What happens to life insurance when you retire?

Find out what happens to life insurance when you retire, and the various options you have with the policy.

3 min read

Most employers offer life insurance coverage as one of the benefits available to their employees. This benefit is offered at little to no cost to employees, and it won't cost more than a few hundred dollars per month for coverage. But, if you are about to retire, or you are already retired, you may want to know what will happen to your policy.

When you retire, you will no longer be eligible for your employer-provided life insurance plan. However, if your group life policy is portable, you may be allowed to transfer the policy to another insurance provider, but you should expect to pay higher premiums.
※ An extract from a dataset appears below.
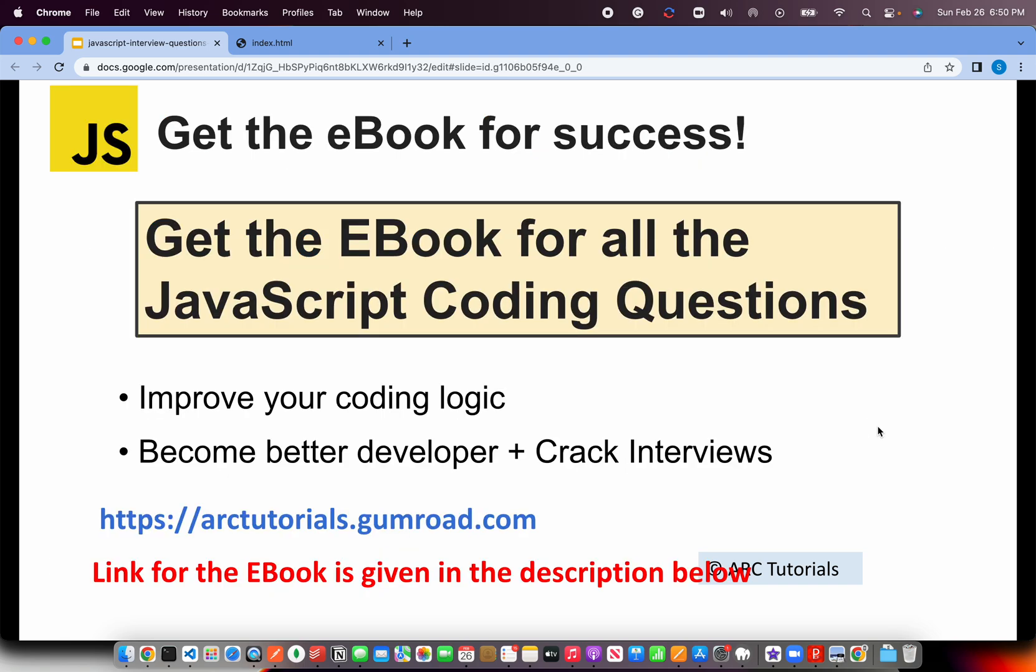Before we get started with our coding, I'll encourage you to get the e-book that I've authored. You can get Top 100 JavaScript Coding Questions and Snippets. These questions will help you improve your coding logic as well as help you become a better developer and crack interviews. You can get the e-book at arktutorials.gumroad.com. If you have any questions or doubts or if you're having any problem in getting the book, write to me at surya.aradhi at gmail.com. Thank you in advance.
If the policy is not transferable, you should purchase a life insurance policy from another insurance provider.

What happens to life insurance when you leave a job?

Group life insurance policies are held by employers, and they are offered to employees as employment benefits. This means that the only designated people who are covered under the policy are those employed by the entity that holds the policy. Once an employee leaves the company, they will no longer be eligible for the life insurance coverage.

When you change jobs or retire, you may have several options with the life insurance policy. Here is what you can do:

Cancel or let the policy lapse

If you have a life insurance policy with your employer, this coverage will apply for as long as you are covered by your employer. Once you leave your job, the policy will terminate about a month after leaving your job. If you don't want a lapse in coverage, you should plan to have a new policy take effect when the old policy is canceled.

Check if the policy is portable

Some life insurance policies are portable, meaning that you can carry the policy when you change jobs. If your employer’s policy is portable, you will be able to carry the policy to an individual term life insurance policy. However, you should expect to pay higher premiums than the original premiums for group policy.  

Convert group policy to an individual policy

If you are unable to port your group life policy, you may be able to convert it to an individual life insurance policy. If allowed, you will now be required to pay the entire premium on your own, since the policy is no longer on your employer’s plan.

Can you keep life insurance when you retire?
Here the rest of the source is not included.